Question

A person counts $4500$ currency notes . Let ${a_n}$ denote the number of notes the counts in the ${n^{th}}$ minute . If ${a_1} = {a_2} = ............. = {a_{10}} = 150$ and ${a_{10}},{a_{11}},...........$ are in A.P. with common difference $- 2$ , then the time taken by him to counts all notes is
A $34$ min
B $125$ min
C $135$ min
D $24$ min

Answer 1

In this question for the first $10$ min he will count $10 \times 150 = 1500$ currency and then for the remaining currency $3000$ he will count in A.P as $148,146,144.........$ currency in ${a_{11}},{a_{12}},...........$
Use the summation formula for A.P as ${S_n} = \dfrac{n}{2}\left( {2a + (n - 1)d} \right)$ $a = 148,d = - 2,{S_n} = 3000$ .
Hence find n .

Complete step-by-step answer:
As it is given in the question that ${a_n}$ denotes the number of notes the counts in the ${n^{th}}$ minute .
Hence
${a_1} = {a_2} = ............. = {a_{10}} = 150$
So in the First $10$ minutes he will count $10 \times 150 = 1500$ currency
Number of remaining currency is $4500 - 1500$ $= 3000$
Now from the question it is given that ${a_{10}},{a_{11}},...........$ are in A.P with common difference $- 2$
So in ${11^{th}}$ he is count $148$ notes
In ${12^{th}}$ he counts $146$ notes and so on ..........
The series become $148,146,144.........$
So from the summation formula of A.P is ${S_n} = \dfrac{n}{2}\left( {2a + (n - 1)d} \right)$
Here $a = 148,d = - 2,{S_n} = 3000$ n is unknown that we have to find
By putting this value in the equation
$3000 = \dfrac{n}{2}\left( {2 \times 148 + (n - 1)( - 2)} \right)$
$6000 = n\left( {296 + (n - 1)( - 2)} \right)$
$6000 = n\left( {298 - 2n} \right)$
Dividing by $2$ to the whole equation .
$3000 = n\left( {149 - n} \right)$
$3000 = 149n - {n^2}$
${n^2} - 149n + 3000 = 0$
Now for solving the quadratic equation as $24 \times 125 = 3000,125 + 24 = 129$
So ${n^2} - 125n - 24n + 3000 = 0$
$n(n - 125) - 24(n + 125) = 0$
$(n - 125)(n - 24) = 0$
Hence $n = 125,24$
As for $n = 125$ the term ${a_n} = a + (n - 1) \times d$
${a_{125}} = 148 - 147 \times 2$ its value is negative hence $n = 125$min is not possible .
Hence $n = 24$ min for counting the remaining currency .
Total time will be $24 + 10 = 34$ min.

Hence option A will be the correct answer.

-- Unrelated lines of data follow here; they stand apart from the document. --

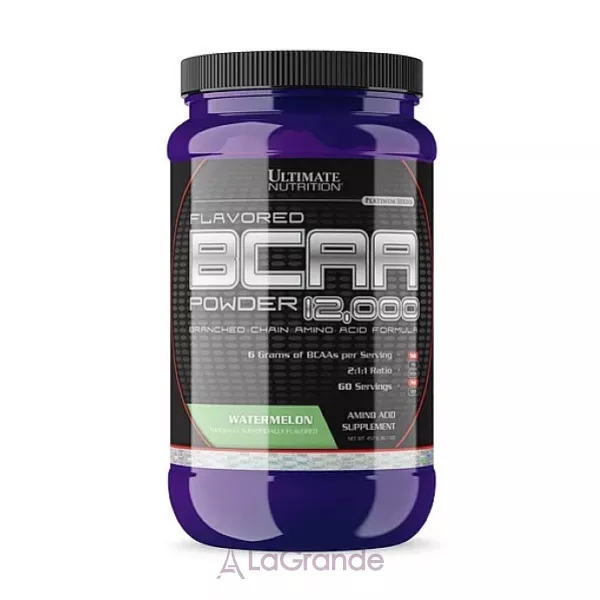 Ultimate Nutrition BCAA 12000 Powder Watermelon �������� ����������� BCAA 
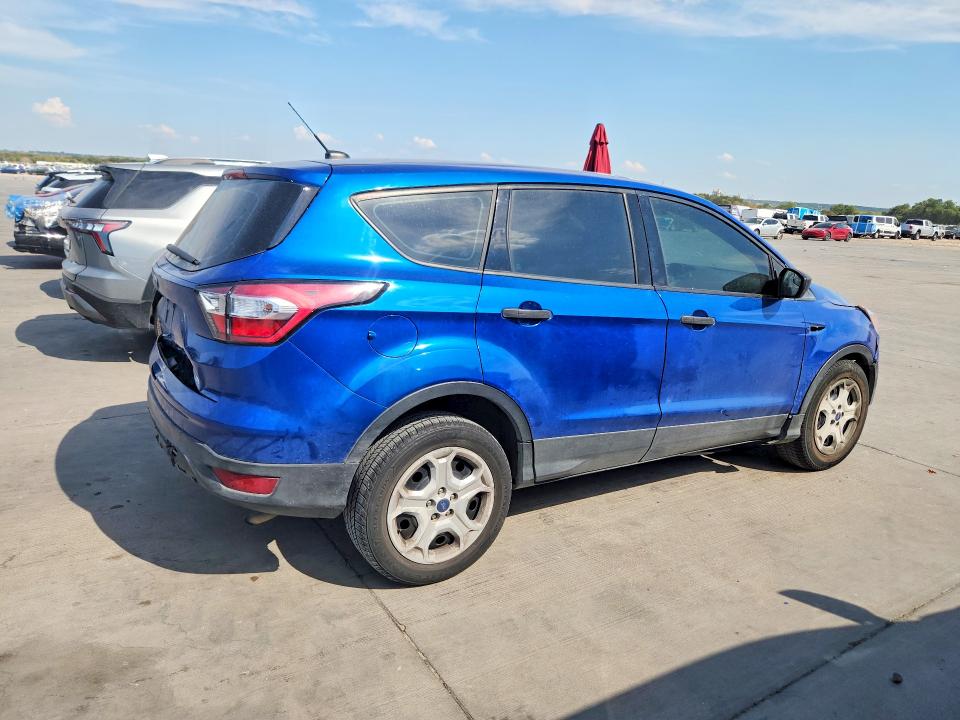 Photo 3 from auction – 2017 FORD ESCAPE with VIN 1FMCU0F7XHUC43000
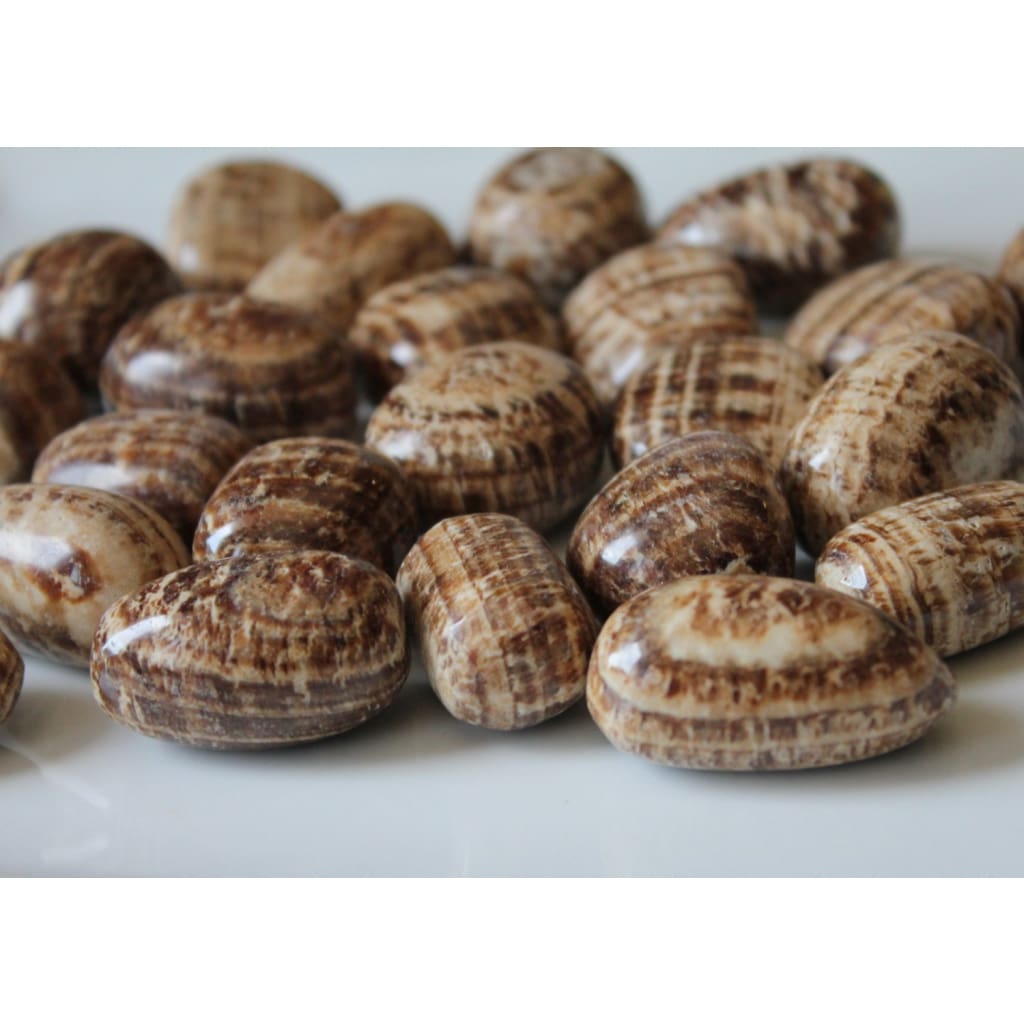 Polished Aragonite Tumbled Healing Crystals / Healing light / Raise your vibration / Grounding - Polished Stones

Note: If a constant is added or subtracted from each term of an AR then the resulting sequence is an AP with the same common difference.
If each term of an AP is multiplied or divided by a non-zero constant, then the resulting sequence is also an AP.
Always remember As in the last step we got $n = 125,24$ as two values will not be possible . So we have to check the term by the formula ${a_n} = a + (n - 1) \times d$ Hence one will be negative.